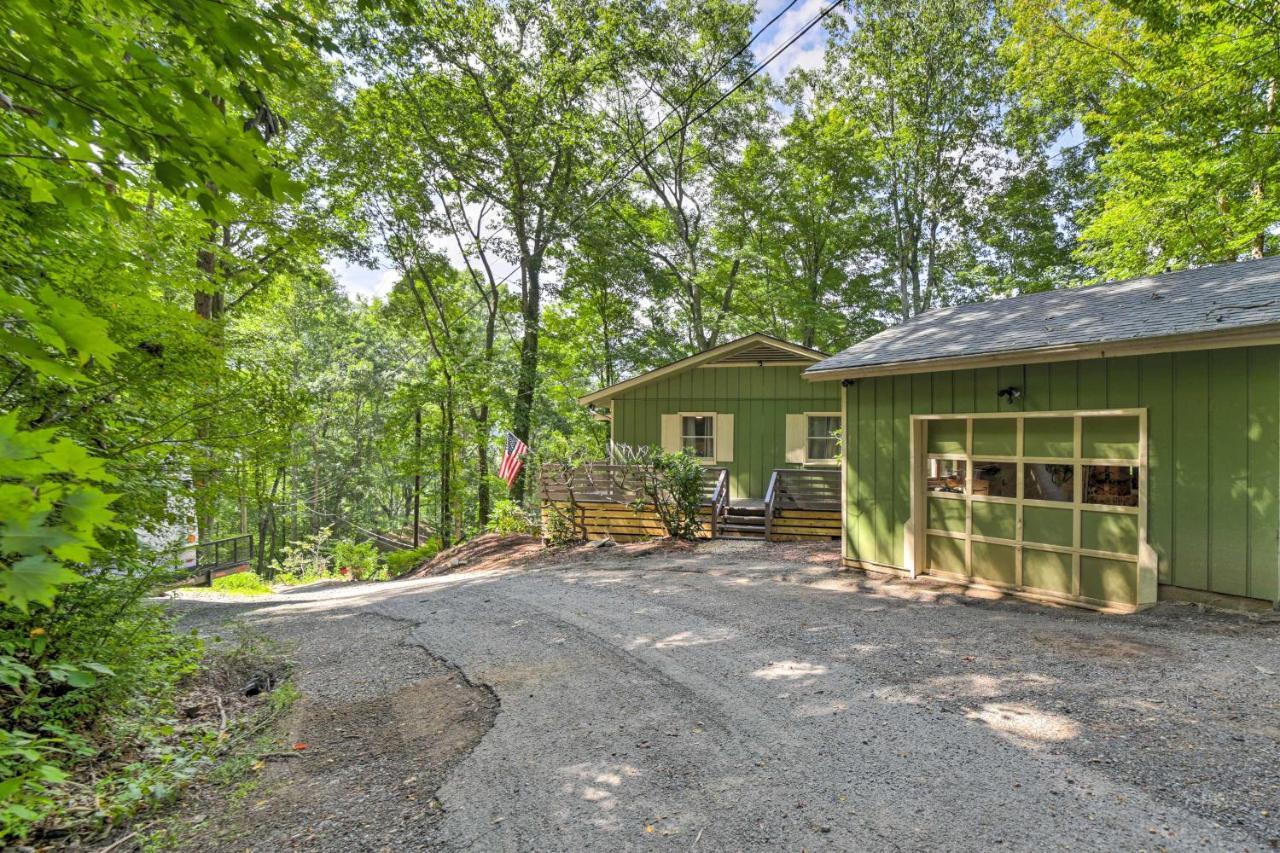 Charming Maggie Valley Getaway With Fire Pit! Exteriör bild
---
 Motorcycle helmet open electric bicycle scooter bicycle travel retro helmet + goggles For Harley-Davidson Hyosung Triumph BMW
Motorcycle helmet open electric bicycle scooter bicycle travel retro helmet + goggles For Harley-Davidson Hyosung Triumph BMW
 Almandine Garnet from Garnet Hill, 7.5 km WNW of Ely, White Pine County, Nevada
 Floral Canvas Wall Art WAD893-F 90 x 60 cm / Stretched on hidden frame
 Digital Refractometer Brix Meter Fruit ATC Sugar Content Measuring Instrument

**Task prompt**
Out of the entries above, write out only the lines between the line holding "Floral Canvas Wall" and the line holding "Digital Refractometer Brix", inclusive, each exactly as given.

**Your response**
 Floral Canvas Wall Art WAD893-F 90 x 60 cm / Stretched on hidden frame
 Digital Refractometer Brix Meter Fruit ATC Sugar Content Measuring Instrument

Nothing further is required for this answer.